Immunofluorescence time course analysis of Hsp27 and phosphorylated Hsp27 in virus-infected cells. Immunofluorescence analysis of cellular chaperones at various time points in uninfected cells (top row, Mock) or HSV-1-infected cells (bottom three rows) is shown. Infected cells were collected at 4, 6, and 10 h after infection with HSV-1. Uninfected cells were fixed at 10 h after the start of the infection. Staining profiles for Hsp27 (red), for phospho-reactive Hsp27 species (ppHsp27Ser15; green), and for DNA using DAPI (blue) are shown. Merged images are shown in the last column. Hsp27 localization at nuclear foci is observed as early as 6 h after infection (white arrows in frames i and l).

FIG. 5.

Localization of phosphorylated Hsp27 during HSV-1 infection.

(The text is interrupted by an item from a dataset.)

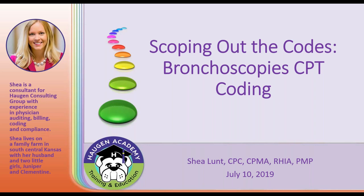Welcome everybody to today's topic: Scoping Out the Codes, Bronchoscopy CPT Coding. I want to introduce Shea Lunt, a consultant for Haugen Consulting Group. She has a wealth of experience in physician auditing, physician billing, coding, and compliance. She's doing a lot of audits and provider training right now. She currently lives on a family farm in South Central Kansas, and has two little girls, Juniper and Clementine. Shea, I think we're ready to turn it over to you.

Nuclear (N; lanes 1, 3, and 5) and cytosolic (C; lanes 2, 4, and 6) fractions from HSV-1-infected (lanes 1 to 4) or uninfected (lanes 5 and 6) cells were collected and subjected to SDS-polyacrylamide gel electrophoresis and Western blotting. Western blots of viral (ICP8) or cellular (ppHsp27Ser15/78/82, Hsp27, and γ-tubulin) proteins are shown. The viral ICP8 protein is used as a marker for infection and an indicator of the quality of fractionation because it is a nuclear protein. “α” indicates antibody.

FIG. 6.

Hsp27 knockdown and HSV-1 virus yield in Hsp27-depleted cells. (A) Western blot analysis of Hsp27 and γ-tubulin proteins in cells treated with either Hsp27 siRNA (lanes 3 and 4), irrelevant siRNA against cyclophilin D (irr. si, lane 1), or a nonspecific siRNA (ns si, lane 2). Untreated infected (lane 5) or uninfected (lane 6) cells are shown. (B) Western blot analysis of Hsp27, ppHsp27Ser15, and γ-tubulin proteins in untreated cells (UT, lanes 1, 3, and 5) or in cells treated with Hsp27 siRNA (si, lanes 2, 4, and 6). Western blot analysis was performed on infected-cell lysates collected at 4 h (lanes 3 and 4) or 12 h (lanes 5 and 6). (C) Immunofluorescence analysis (IFA) of Hsp27 levels in untreated (left) or Hsp27 siRNA-treated (right) cells. (D) Multistep growth analysis of HSV-1 (MOI, 0.1 PFU/ml) in no siRNA-treated, nontargeting siRNA-treated, or Hsp27 siRNA-treated cells at 24, 48, or 72 h postinfection. The asterisks represent statistically significant differences in growth of HSV-1 in the Hsp27-depleted cells compared to that with the other treatments (P values of <0.05) from two independent experiments. “α” indicates antibody.